##### Entries shown #####
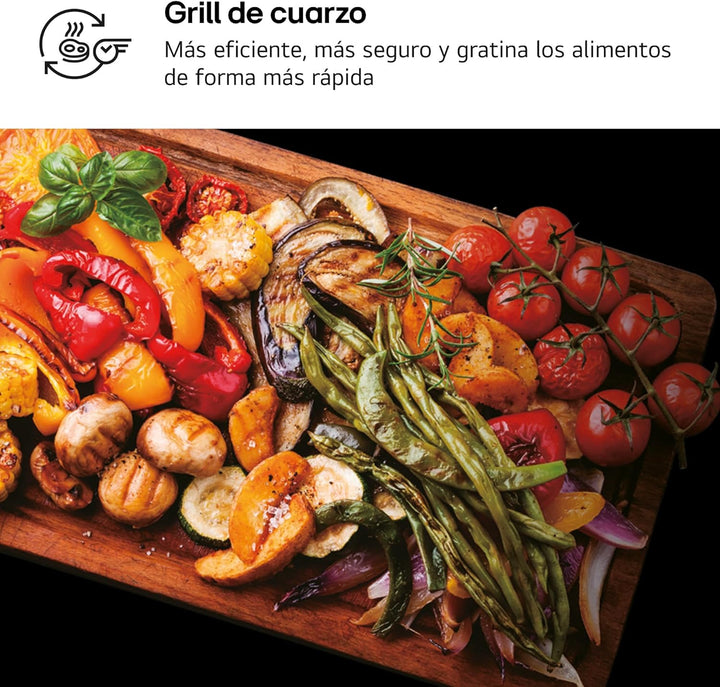 LG MH6044V Mikrowelle mit Grill, 20 Liter, 700 W,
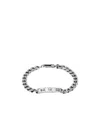 Gucci Ghost Chain Bracelet In Silver In Gray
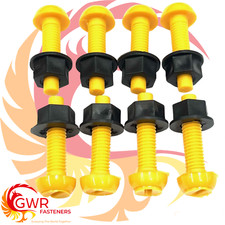 8 YELLOW Plastic Number Plate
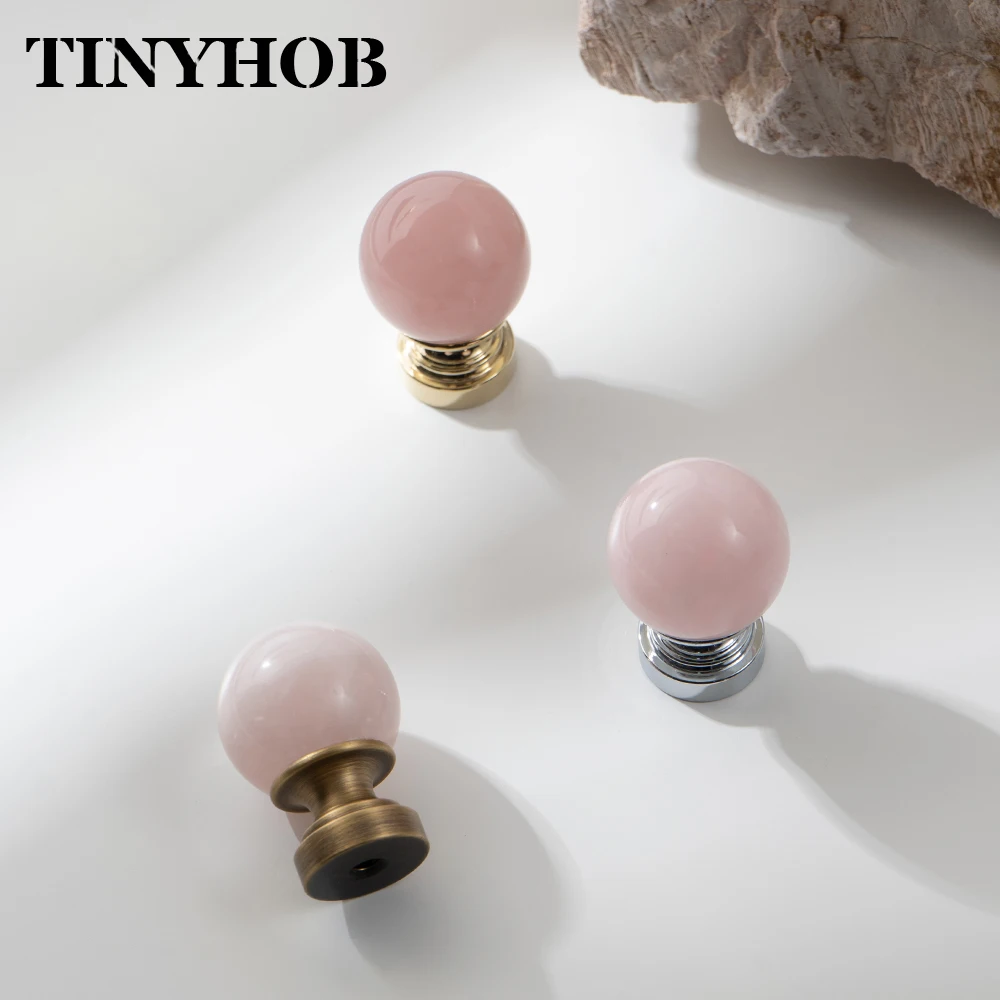 Tinyhob Nordic Art Small Knob for Kitchen Cupboard Drawer Pulls Home Decor Cabinet Hardware Spotted Stone Decorative Knob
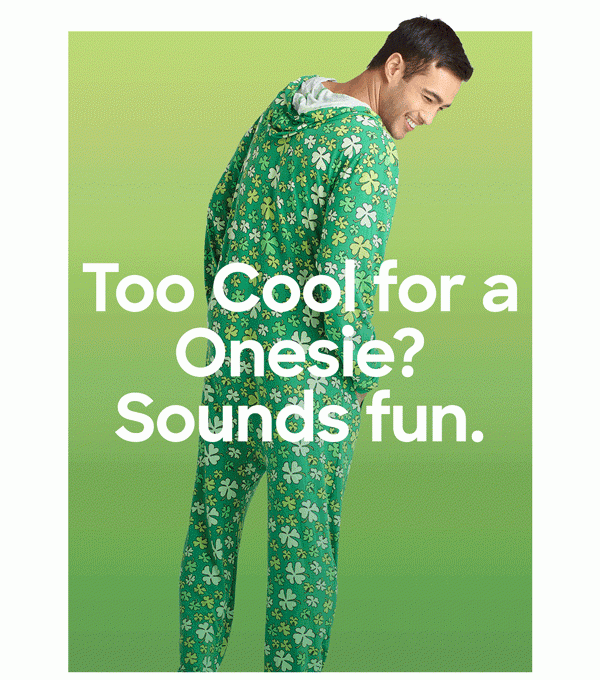 Too Cool for a Onesie? Sounds fun. 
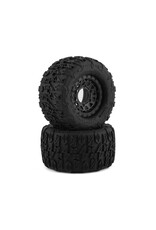 METHOD RC MTD1500  TERRAFORM BELTED PRE-MOUNT 1/10 MONSTER TRUCK TIRE (BLACK) (2) W/ARRAY BEADLOCK 12MM & 14MM HEX WHEELS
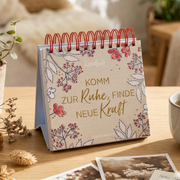 Spiralaufsteller "Komm zur Ruhe, finde neue Kraft"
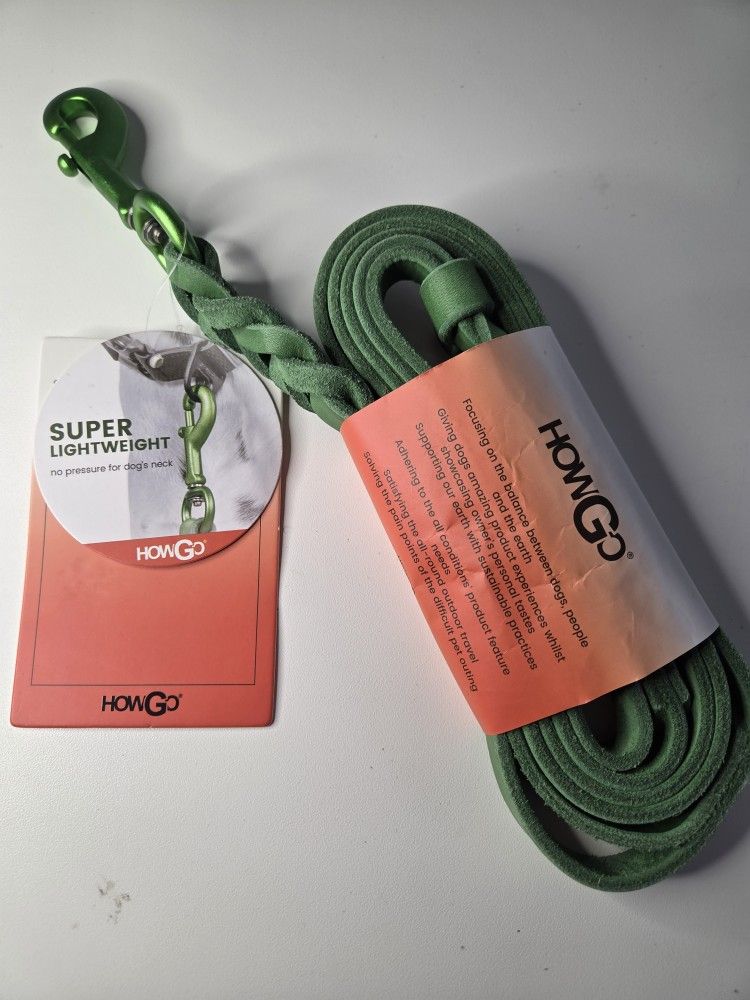 Lightweight Leather Dog Leash NEW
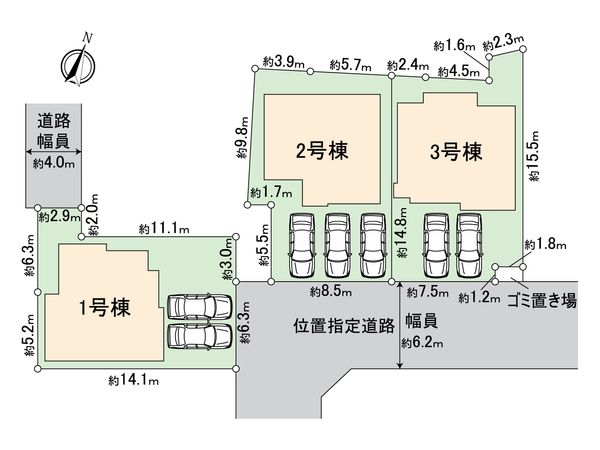 所沢市上安松 新築3号棟 間取図(平面図)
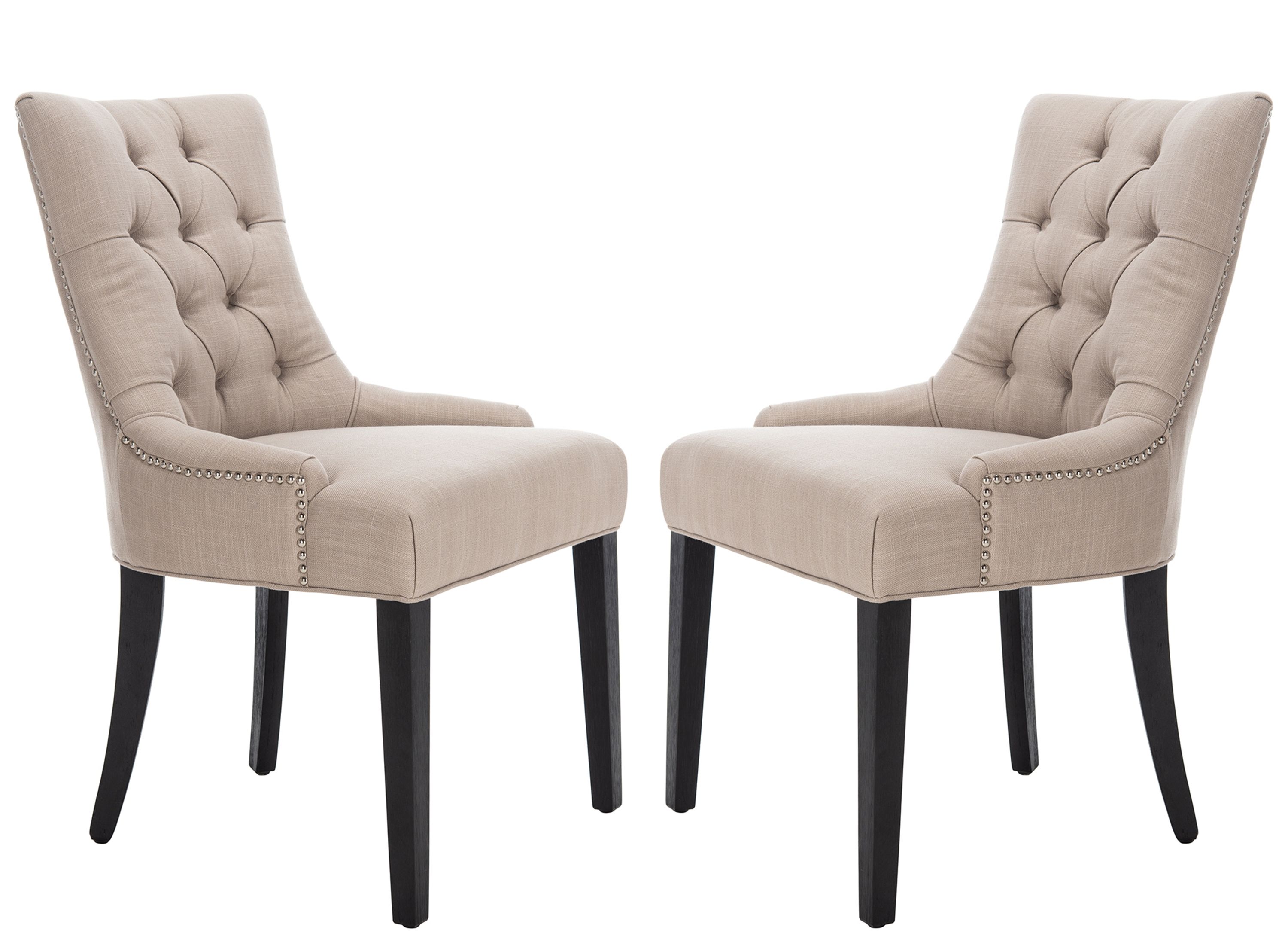 Abby Tufted Dining Chair Set of 2 Raymour & Flanigan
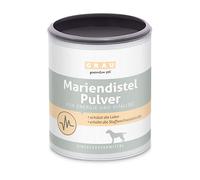 GRAU - l’Original - 100% Poudre de Chardon Notre-Dame Pure, protège Le Foie, contribue au renouvellement cellulaire, Pack de 1 (1 x 225 g), complément Alimentaire pour Chiens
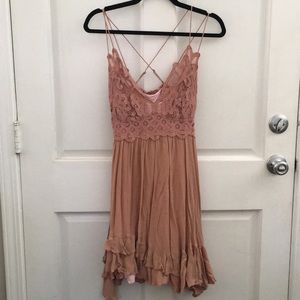 Pink lace dress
#####
◆ **Exercise instructions**
Omit the pictures and please write out exactly the lines between the one containing "Tinyhob Nordic Art" and the last line of the entries, both included.

◆ **Result of this exercise**
 Tinyhob Nordic Art Small Knob for Kitchen Cupboard Drawer Pulls Home Decor Cabinet Hardware Spotted Stone Decorative Knob
 Too Cool for a Onesie? Sounds fun. 
 METHOD RC MTD1500  TERRAFORM BELTED PRE-MOUNT 1/10 MONSTER TRUCK TIRE (BLACK) (2) W/ARRAY BEADLOCK 12MM & 14MM HEX WHEELS
 Spiralaufsteller "Komm zur Ruhe, finde neue Kraft"
 Lightweight Leather Dog Leash NEW
 所沢市上安松 新築3号棟 間取図(平面図)
 Abby Tufted Dining Chair Set of 2 Raymour & Flanigan
 GRAU - l’Original - 100% Poudre de Chardon Notre-Dame Pure, protège Le Foie, contribue au renouvellement cellulaire, Pack de 1 (1 x 225 g), complément Alimentaire pour Chiens
 Pink lace dress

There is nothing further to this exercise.